The ExoFiT Mars rover testing team will use a new model called ‘Charlie’ to test hardware, software and to practise science operations for the future European Space Agency (ESA) ExoMars rover, which will look for life on Mars in 2021.

The team will practise driving Charlie off its lander, identifying and travelling to a geological outcrop, and then sampling the rock with its drill.

Images from ExoMars rover testing images from PanCam
Credit: ESA / Airbus DS / Mullard Space Science Laboratory / LATMOS – Universite Pierre et Marie Curie / Open University / Imperial College / Natural History Museum.

Graham Turnock, CEO UK Space Agency said:

After the Earth, Mars is the most habitable planet in the Solar System, so it’s a perfect destination to explore the possibility of life on other planets, as well as the history of our own.

These small steps to check systems in Spain provide us with confidence that ExoMars will achieve what it was designed to do. This and future trials will prepare our scientists and engineers for the real operations. I’m proud that British science and ingenuity is critical to the success of this mission.

During the testing, the ExoFiT team will assess Charlie’s individual systems including the:

  • WISDOM ground penetrating radar
  • CLUPI close up imager
  • The Panoramic Camera (PanCam) mast imager which provides 3D maps of the area around the rover and the coring drill to take below ground samples identified by WISDOM.

Rigorous testing of equipment and the development of best practice will help to ensure mission success with the future Mars rovers.

Ben Dobke, Airbus project manager for ExoFiT said:

One of the primary goals of ExoFiT is the setup of efficient remote science operations. It will allow the team of instrument scientists and engineers to practice how to remotely operate and interpret the data from rover mounted instruments. It is setup as a blueprint to develop operational experience for both ExoMars and future robotic Mars missions.

The Remote Control Centre (RCC) for Charlie will be hosted at STFC Harwell Mission Operation Centre, with each science team having a remote instrument operator based there.

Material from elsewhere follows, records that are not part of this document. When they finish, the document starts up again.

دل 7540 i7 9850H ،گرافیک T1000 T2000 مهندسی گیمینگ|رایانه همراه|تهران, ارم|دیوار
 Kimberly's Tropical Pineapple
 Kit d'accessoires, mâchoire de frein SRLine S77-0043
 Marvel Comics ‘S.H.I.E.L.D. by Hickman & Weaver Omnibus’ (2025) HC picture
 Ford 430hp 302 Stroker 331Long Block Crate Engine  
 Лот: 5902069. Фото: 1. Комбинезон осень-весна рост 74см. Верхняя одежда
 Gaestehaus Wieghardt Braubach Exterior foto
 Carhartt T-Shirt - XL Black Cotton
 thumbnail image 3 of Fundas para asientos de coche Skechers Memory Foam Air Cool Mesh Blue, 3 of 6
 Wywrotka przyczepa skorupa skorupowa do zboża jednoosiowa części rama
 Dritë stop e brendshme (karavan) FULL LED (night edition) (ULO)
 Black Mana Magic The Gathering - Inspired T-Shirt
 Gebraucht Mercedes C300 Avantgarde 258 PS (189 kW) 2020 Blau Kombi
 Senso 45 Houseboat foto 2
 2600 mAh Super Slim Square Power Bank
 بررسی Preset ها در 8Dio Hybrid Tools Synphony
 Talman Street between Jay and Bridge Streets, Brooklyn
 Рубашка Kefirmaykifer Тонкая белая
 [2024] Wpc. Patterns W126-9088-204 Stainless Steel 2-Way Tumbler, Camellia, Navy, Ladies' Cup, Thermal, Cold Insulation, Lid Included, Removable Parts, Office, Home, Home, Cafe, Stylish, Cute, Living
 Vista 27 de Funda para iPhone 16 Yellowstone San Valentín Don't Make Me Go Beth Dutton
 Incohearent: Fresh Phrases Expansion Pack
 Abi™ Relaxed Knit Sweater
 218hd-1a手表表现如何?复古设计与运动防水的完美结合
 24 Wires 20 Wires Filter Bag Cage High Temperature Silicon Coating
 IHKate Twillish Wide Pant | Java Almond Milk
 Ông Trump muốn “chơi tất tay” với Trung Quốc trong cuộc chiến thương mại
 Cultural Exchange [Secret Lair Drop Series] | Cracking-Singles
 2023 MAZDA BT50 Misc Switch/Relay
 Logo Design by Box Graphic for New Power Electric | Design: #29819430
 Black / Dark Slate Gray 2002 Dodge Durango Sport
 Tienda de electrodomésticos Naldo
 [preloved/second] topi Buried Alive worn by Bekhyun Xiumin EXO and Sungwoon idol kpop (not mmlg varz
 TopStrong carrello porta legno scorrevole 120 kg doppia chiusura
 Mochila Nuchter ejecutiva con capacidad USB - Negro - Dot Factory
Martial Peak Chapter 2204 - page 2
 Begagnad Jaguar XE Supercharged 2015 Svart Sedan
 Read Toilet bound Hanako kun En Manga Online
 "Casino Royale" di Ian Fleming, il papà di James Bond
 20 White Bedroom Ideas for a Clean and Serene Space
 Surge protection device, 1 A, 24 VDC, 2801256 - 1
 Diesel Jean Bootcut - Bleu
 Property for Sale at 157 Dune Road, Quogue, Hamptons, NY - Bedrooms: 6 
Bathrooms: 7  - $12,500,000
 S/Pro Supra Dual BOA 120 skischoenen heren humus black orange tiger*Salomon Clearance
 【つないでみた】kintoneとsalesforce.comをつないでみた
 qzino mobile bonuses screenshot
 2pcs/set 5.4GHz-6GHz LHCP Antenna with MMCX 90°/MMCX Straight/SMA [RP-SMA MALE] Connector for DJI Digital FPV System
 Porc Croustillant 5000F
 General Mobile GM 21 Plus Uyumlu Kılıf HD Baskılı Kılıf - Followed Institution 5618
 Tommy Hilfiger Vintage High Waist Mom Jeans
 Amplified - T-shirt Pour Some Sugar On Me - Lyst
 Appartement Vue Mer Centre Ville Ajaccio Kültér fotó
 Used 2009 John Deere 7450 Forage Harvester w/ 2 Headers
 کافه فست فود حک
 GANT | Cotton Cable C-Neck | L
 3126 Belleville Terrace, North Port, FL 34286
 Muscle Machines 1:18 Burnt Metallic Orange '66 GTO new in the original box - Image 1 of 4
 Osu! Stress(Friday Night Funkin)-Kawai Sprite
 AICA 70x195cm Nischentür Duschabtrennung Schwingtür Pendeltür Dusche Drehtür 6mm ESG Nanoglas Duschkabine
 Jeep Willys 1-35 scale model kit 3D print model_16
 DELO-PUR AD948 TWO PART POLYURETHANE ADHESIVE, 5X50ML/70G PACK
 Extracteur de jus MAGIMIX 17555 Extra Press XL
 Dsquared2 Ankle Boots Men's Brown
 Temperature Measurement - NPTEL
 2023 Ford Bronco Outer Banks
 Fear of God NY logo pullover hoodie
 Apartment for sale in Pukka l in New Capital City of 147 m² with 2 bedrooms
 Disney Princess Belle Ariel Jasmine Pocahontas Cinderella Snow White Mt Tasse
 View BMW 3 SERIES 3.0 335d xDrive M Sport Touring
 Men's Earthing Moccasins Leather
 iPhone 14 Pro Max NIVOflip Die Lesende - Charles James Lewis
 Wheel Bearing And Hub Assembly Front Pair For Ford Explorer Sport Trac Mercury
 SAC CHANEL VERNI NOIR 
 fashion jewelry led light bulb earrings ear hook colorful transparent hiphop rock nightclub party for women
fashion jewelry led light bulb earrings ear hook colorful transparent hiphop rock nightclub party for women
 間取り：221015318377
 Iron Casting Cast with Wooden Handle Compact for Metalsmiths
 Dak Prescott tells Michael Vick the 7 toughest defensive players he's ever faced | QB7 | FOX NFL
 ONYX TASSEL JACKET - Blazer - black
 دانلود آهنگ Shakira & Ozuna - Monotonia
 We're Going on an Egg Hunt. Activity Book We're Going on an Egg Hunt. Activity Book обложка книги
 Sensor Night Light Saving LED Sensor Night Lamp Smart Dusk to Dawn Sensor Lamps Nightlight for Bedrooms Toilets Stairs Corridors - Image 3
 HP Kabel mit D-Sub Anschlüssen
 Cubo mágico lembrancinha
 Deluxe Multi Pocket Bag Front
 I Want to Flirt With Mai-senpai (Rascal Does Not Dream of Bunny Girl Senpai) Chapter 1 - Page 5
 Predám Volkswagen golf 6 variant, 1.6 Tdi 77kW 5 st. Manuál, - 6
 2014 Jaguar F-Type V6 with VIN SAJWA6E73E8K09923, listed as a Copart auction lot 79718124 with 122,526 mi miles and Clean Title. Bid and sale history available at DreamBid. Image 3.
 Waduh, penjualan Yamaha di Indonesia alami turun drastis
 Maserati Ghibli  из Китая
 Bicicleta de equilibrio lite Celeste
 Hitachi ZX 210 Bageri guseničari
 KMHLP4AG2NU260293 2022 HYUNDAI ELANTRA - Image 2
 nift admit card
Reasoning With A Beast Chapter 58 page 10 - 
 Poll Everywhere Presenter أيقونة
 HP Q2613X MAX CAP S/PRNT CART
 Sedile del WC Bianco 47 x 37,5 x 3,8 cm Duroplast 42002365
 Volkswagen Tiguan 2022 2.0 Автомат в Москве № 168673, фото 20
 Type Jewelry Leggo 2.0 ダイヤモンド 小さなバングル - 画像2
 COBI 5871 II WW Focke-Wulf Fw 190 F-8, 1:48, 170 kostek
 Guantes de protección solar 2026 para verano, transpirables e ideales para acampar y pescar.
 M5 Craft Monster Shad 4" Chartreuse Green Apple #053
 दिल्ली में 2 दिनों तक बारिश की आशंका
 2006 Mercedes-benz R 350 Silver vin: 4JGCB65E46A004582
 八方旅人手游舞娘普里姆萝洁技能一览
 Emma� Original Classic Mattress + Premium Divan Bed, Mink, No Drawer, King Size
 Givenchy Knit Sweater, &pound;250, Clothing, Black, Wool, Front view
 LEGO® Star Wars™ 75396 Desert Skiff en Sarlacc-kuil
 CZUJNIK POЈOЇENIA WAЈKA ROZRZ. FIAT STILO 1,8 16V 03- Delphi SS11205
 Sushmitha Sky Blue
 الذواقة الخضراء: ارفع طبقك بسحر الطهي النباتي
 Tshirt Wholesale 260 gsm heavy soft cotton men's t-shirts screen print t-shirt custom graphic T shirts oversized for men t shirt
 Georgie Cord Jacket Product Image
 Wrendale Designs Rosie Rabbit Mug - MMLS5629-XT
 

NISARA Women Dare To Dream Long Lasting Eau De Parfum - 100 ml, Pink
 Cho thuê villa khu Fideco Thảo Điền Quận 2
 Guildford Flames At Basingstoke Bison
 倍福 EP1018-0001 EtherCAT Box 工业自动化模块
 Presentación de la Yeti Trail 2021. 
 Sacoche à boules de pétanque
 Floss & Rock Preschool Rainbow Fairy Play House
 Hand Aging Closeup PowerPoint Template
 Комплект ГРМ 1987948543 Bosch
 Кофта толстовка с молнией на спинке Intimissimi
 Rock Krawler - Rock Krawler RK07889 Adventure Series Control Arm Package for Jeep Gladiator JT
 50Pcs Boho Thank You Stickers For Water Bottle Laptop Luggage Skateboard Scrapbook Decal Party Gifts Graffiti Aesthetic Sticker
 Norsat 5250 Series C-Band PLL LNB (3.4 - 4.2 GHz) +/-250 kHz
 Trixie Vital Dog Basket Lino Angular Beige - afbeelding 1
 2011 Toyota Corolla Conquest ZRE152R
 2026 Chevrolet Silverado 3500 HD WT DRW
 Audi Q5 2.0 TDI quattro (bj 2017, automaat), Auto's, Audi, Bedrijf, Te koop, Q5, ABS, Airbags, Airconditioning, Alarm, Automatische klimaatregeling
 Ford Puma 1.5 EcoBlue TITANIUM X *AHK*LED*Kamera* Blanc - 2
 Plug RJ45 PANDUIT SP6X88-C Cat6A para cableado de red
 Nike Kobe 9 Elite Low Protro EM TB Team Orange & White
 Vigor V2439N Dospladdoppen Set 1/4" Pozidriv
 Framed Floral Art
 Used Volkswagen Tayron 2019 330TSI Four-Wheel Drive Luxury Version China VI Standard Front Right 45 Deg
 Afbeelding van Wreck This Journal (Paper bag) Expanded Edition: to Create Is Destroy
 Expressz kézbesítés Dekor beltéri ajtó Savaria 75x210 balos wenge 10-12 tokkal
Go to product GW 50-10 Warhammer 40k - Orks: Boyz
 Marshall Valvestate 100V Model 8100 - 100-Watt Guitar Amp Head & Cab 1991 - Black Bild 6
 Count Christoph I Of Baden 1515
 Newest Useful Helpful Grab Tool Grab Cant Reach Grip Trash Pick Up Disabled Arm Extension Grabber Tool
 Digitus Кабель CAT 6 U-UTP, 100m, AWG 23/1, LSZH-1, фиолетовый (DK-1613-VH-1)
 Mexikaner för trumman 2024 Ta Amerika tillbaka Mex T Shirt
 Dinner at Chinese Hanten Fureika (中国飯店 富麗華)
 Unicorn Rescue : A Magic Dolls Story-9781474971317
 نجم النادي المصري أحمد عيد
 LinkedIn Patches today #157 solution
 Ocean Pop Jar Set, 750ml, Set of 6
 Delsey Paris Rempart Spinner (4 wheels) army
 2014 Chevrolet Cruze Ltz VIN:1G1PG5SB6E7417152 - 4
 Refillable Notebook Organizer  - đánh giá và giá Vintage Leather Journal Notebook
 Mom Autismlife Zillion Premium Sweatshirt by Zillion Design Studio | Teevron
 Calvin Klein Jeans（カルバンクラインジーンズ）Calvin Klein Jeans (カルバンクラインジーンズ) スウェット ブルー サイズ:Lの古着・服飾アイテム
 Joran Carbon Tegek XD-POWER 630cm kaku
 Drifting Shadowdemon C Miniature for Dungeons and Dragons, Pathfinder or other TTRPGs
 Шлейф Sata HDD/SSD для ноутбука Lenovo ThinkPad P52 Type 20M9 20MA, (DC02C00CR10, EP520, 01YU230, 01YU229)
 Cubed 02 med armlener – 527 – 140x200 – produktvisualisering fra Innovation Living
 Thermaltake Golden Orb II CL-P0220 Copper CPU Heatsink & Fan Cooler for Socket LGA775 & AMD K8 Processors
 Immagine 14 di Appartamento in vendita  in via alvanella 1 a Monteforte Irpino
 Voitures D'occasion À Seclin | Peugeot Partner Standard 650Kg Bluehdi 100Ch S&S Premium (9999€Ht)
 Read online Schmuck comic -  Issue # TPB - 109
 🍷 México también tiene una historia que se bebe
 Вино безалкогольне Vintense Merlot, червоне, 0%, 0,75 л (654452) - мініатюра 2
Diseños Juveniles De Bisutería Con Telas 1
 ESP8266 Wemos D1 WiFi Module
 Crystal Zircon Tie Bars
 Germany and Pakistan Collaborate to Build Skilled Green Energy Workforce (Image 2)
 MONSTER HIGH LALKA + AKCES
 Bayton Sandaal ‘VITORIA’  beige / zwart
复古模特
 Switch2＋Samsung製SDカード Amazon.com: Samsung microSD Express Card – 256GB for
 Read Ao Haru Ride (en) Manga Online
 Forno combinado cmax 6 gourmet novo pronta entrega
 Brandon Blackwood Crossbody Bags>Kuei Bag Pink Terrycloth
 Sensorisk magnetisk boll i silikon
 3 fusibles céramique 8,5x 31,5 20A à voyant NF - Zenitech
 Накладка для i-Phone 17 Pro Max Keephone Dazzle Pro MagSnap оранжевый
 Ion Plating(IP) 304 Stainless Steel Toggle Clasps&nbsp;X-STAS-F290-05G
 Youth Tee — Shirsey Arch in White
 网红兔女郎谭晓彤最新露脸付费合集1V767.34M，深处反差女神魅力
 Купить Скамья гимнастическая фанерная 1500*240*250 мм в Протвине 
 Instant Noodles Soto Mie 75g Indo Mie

Images from ExoMars rover testing on the elevation model
Credit: STFC RAL Space /Airbus DS /ESA.

Dr Rain Irshad, Autonomous Systems Group Leader at STFC RAL Space said:

It’s been a really exciting week. The team at Harwell were working from limited information – we created digital maps of the terrain for them and they had the data sent each day by the rover. From this they had to decide where the rover should go and what instruments it should use to get the most interesting science. This test-run was very similar to the way that rovers are operated on Mars

There will be a follow up test drive in the Atacama Desert in Chile next year.

ExoFiT is an ESA funded project managed and implemented by Airbus Defence and Space, backed by MREP (Mars Robotic Exploration Programme) as a technology development activity.

The future ExoMars rover will be the first of its kind to travel across the Martian surface and drill down to determine if evidence of life is buried underground, protected from the Sun’s radiation that bombards the surface of the ‘Red Planet’.

The UK is the second largest European contributor to the ExoMars mission, having invested €287 million in the mission and £14 million on the instruments.

Airbus Defence and Space in Stevenage is leading the build of the rover while the UCL Mullard Space Science Laboratory is leading on a key instrument known as the PanCam, a high-resolution 3D camera which will be used to look at the terrain and rocks to try to detect signs of life.

Leicester University and Teledyne e2v are working on the Raman Spectrometer with STFC RAL Space providing some of the electronics including the data processing board.